## [DATASET CONTENT]
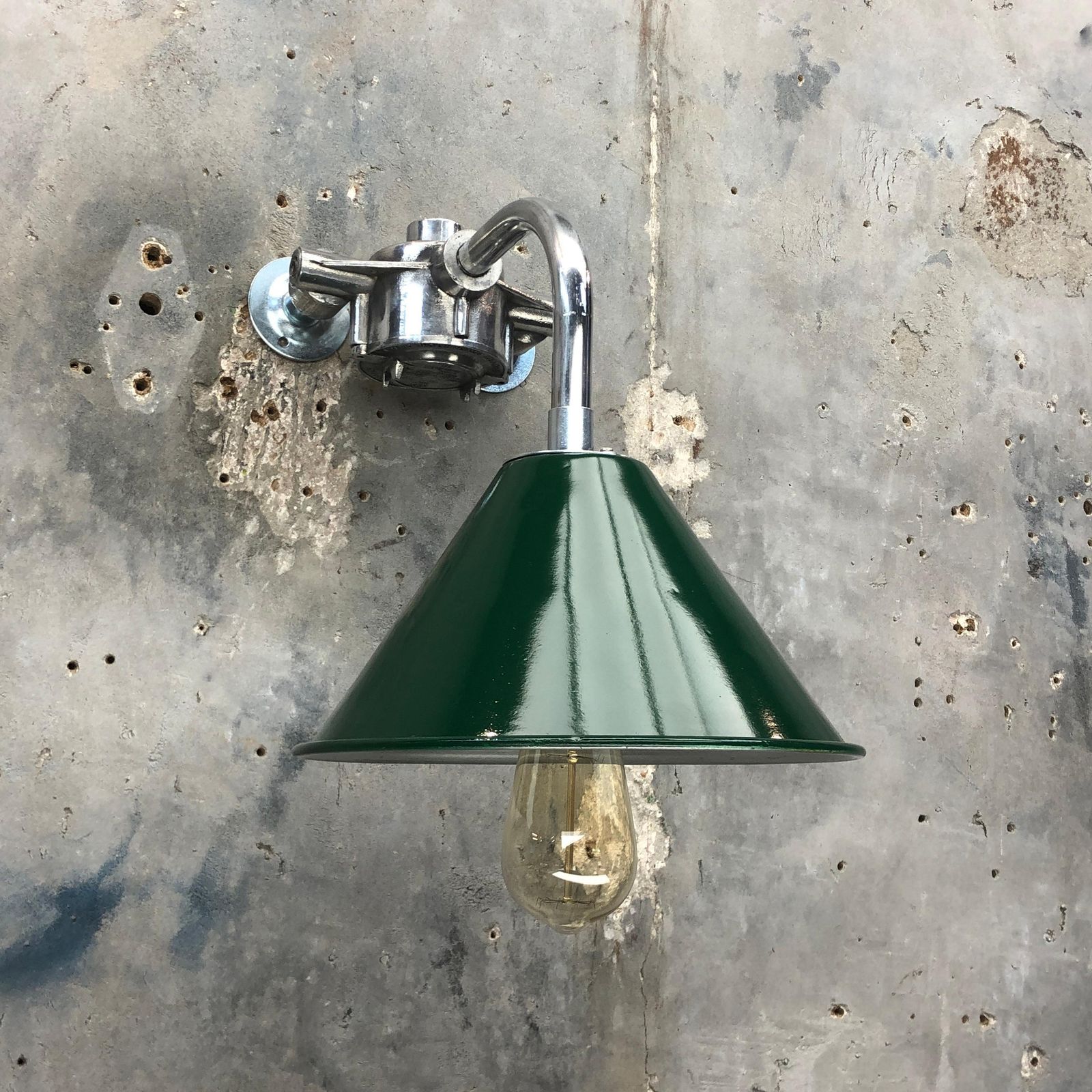 1980s Ex British Army Lamp Shade And Galvanized Steel Short Reach Cantilever photo vintage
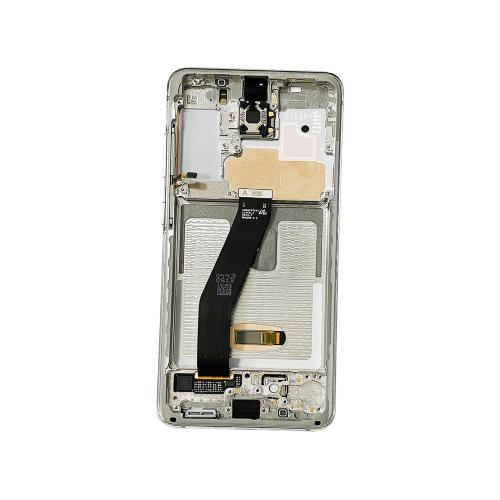 TOUCH SCREEN SCHERMO ORIGINALE SERVICE PACK PER SAMSUNG GALAXY S20 G980F G981B BIANCO CON FRAME VETRO LCD DISPLAY GH82-31432B / GH82-31433B / GH82-1434B 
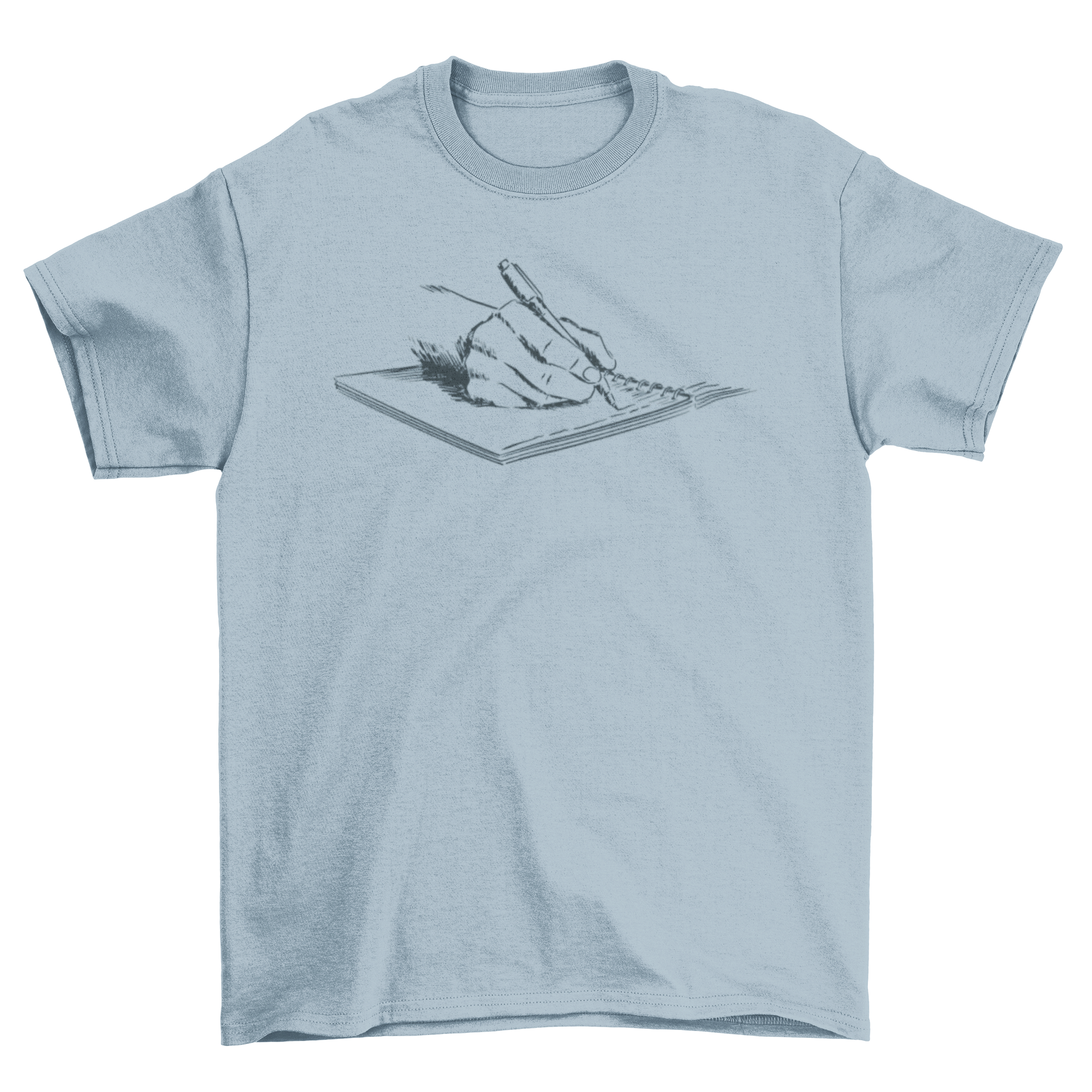 A stylish hand-drawn writing t-shirt featuring a hand sketching on a notebook, showcasing creativity and artistic flair.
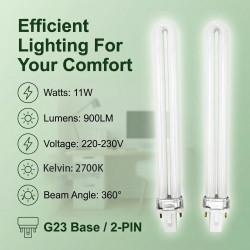 Solisara 2PCS Lampe Fluorescente Compacte G23 2 Broches 11W, Blanc Chaud 2700K Ampoule CFL Écoénergétique 900LM Tube en Forme de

## [TRY IT]
Could all the data above be given again exactly, leaving out its images?

## [SOLUTION BELOW]
 1980s Ex British Army Lamp Shade And Galvanized Steel Short Reach Cantilever photo vintage
 TOUCH SCREEN SCHERMO ORIGINALE SERVICE PACK PER SAMSUNG GALAXY S20 G980F G981B BIANCO CON FRAME VETRO LCD DISPLAY GH82-31432B / GH82-31433B / GH82-1434B 
 A stylish hand-drawn writing t-shirt featuring a hand sketching on a notebook, showcasing creativity and artistic flair.
 Solisara 2PCS Lampe Fluorescente Compacte G23 2 Broches 11W, Blanc Chaud 2700K Ampoule CFL Écoénergétique 900LM Tube en Forme de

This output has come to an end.